SCREW THE RULES I HAVE MONEY Award

Winner: Watch_Dogs
Fuck Ubisoft, seriously. The company should be renamed to “Fuck You Forever and Die.” These people are not in the industry to provide quality products. They don’t care a single tiny bit about the games they develop and produce. They care about one thing: Money. And they get that money by fucking as many people as possible.

Dishonorable Mention: Assassin’s Creed whatever number we’re up to now.

Sales 101 Award

Winner: Destiny
Gotta give it to Bungie. They figured out how to get mad rich off of an utterly worthless, soulless, life-draining piece of complete shit.

Dishonorable Mention: Call of Duty 2014. Yeah I called it Call of Duty 2014. It’s the same business model as FIFA or NFL and it’s just easier to refer to it by year so I don’t have to keep track of whatever the fuck they’re calling these things. I’m calling this shit right now: Call of Duty 2016 will launch before it is actually the year 2016.

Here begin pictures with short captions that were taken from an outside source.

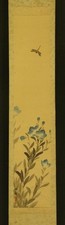 JAPANESE HANGING SCROLL ART Painting 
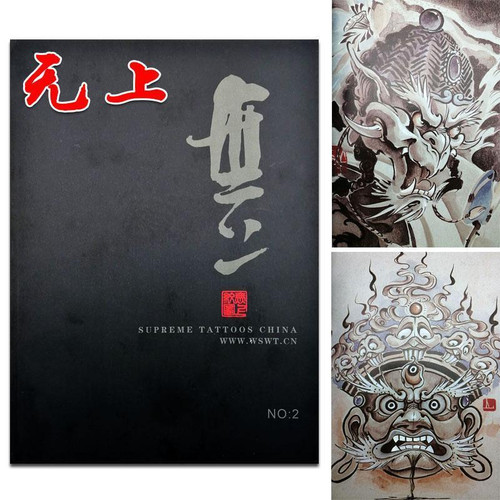 Libro tatuaggi stile - libro,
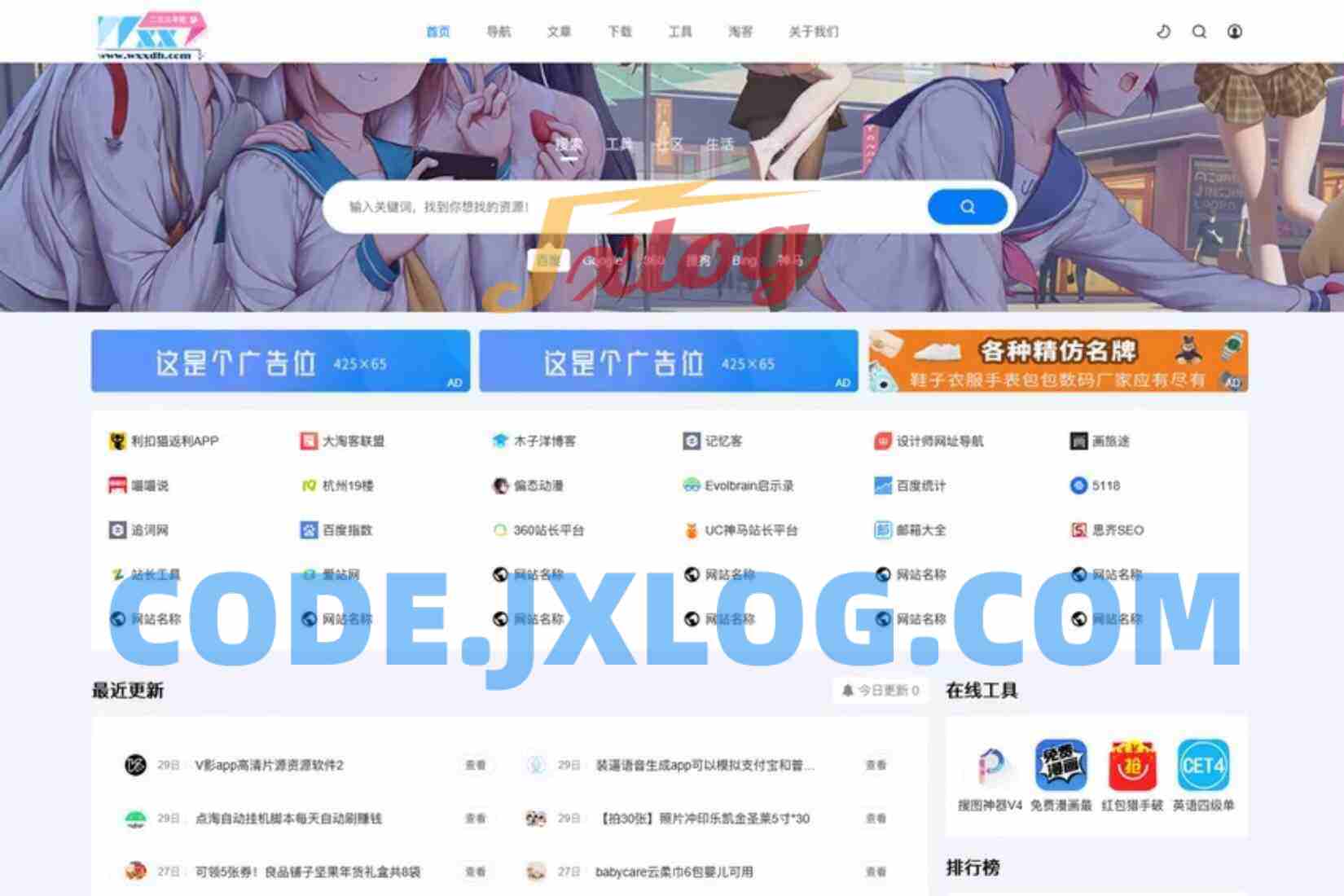 二次元导航网站源码帝国cms模板源码帝国二次元导航新闻下载源码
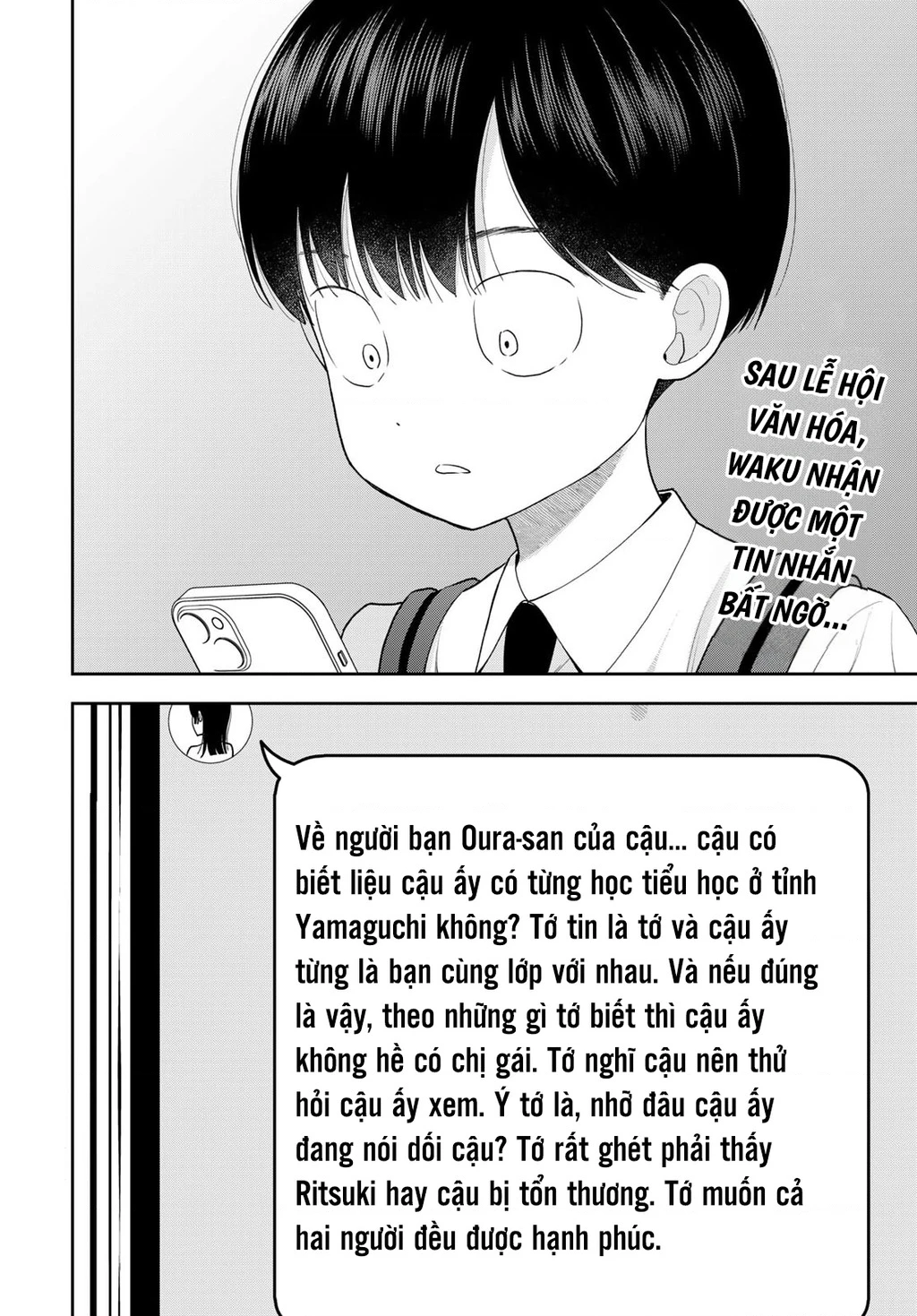 Chỉ có mình tớ biết thôi đấy nhé Chapter 10 - 2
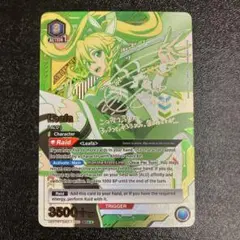 Item thumbnail for item e3674e15-d412-42bd-b1e5-4b021d854877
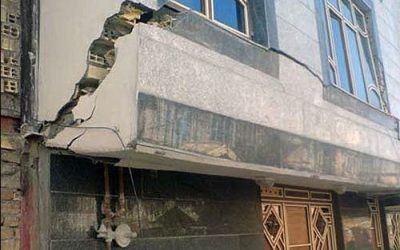 مقاوم سازی ساختمان ها در برابر زلزله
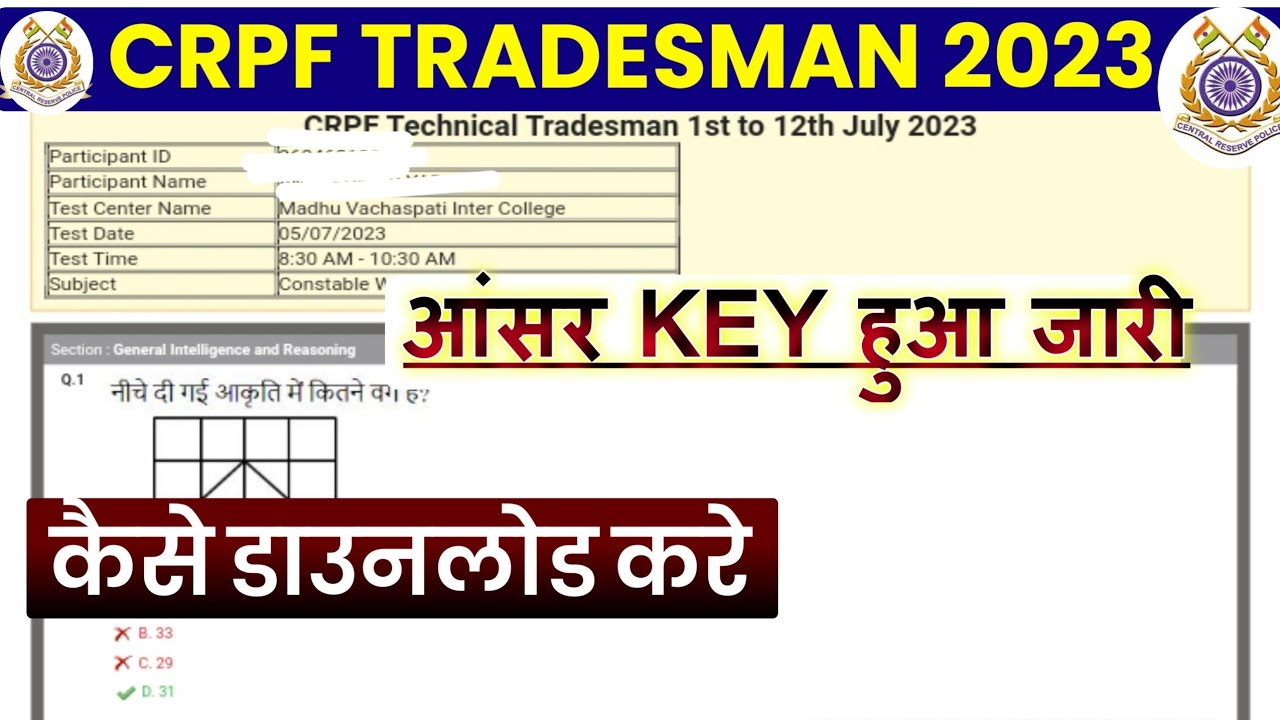 CRPF Tradesman Answer Key OUT | Kaise Download Kare | How to Download CRPF Tradesman Answer Key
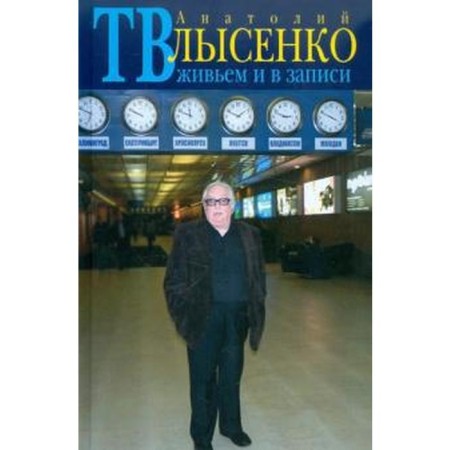 TV alive and in the record. Lysenko A.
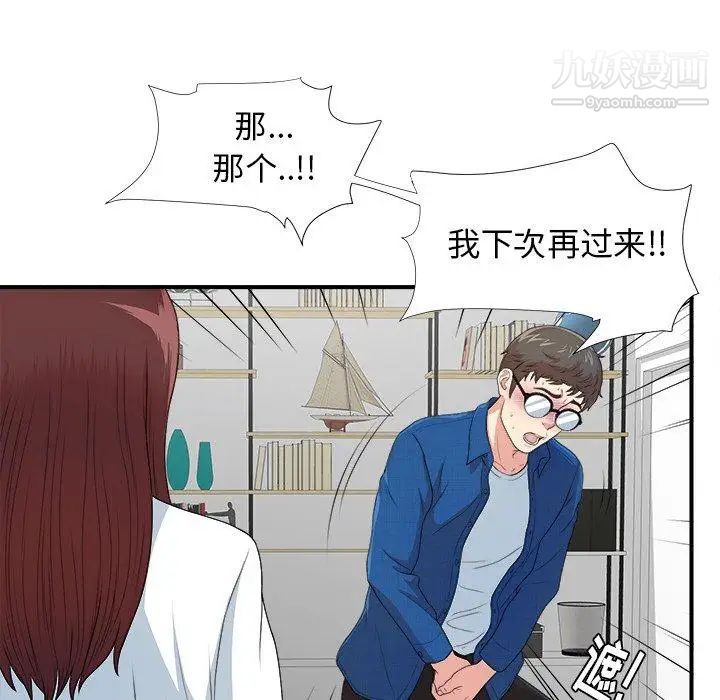 《菜鸟扫美记》漫画最新章节第9话免费下拉式在线观看章节第【52】张图片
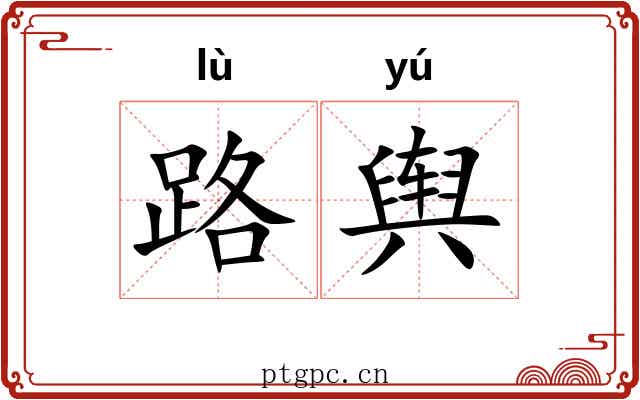 路舆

For ONCE Can I Please Keep Some of My Money Award

Winner: Super Smash Bros. 4
If you want this game you’ll need a Wii U (at time of writing this, that’s around $350-400 on Amazon), Smash Bros ($60). Those are the bare minimum requirements. But if you wanna play it properly and not feel like a total fool, you’re gonna need a GameCube controller for it ($35-45). To make that work on a Wii U, you’re gonna need an adapter. The adapters are SO very out of stock and have been for so long that I don’t even know what the RRP is supposed to be. Right now scalpers are selling them for up to $140 though. So yeah, Super Smash Bros is gonna cost enough that it’s more worth your while to invent time travel so that you can go back in time and buy that pizza.com domain name in order to sell it in 2008 for a cool couple million and then wait 6 years for Smash to come out. I mean, I’m just assuming you’re not gonna get perfect timing on your time travel and that you can only go backwards in time. I am saying travelling backwards in time to at least pre-2008, and then waiting 6 years, is better than paying for Super Smash Bros right now.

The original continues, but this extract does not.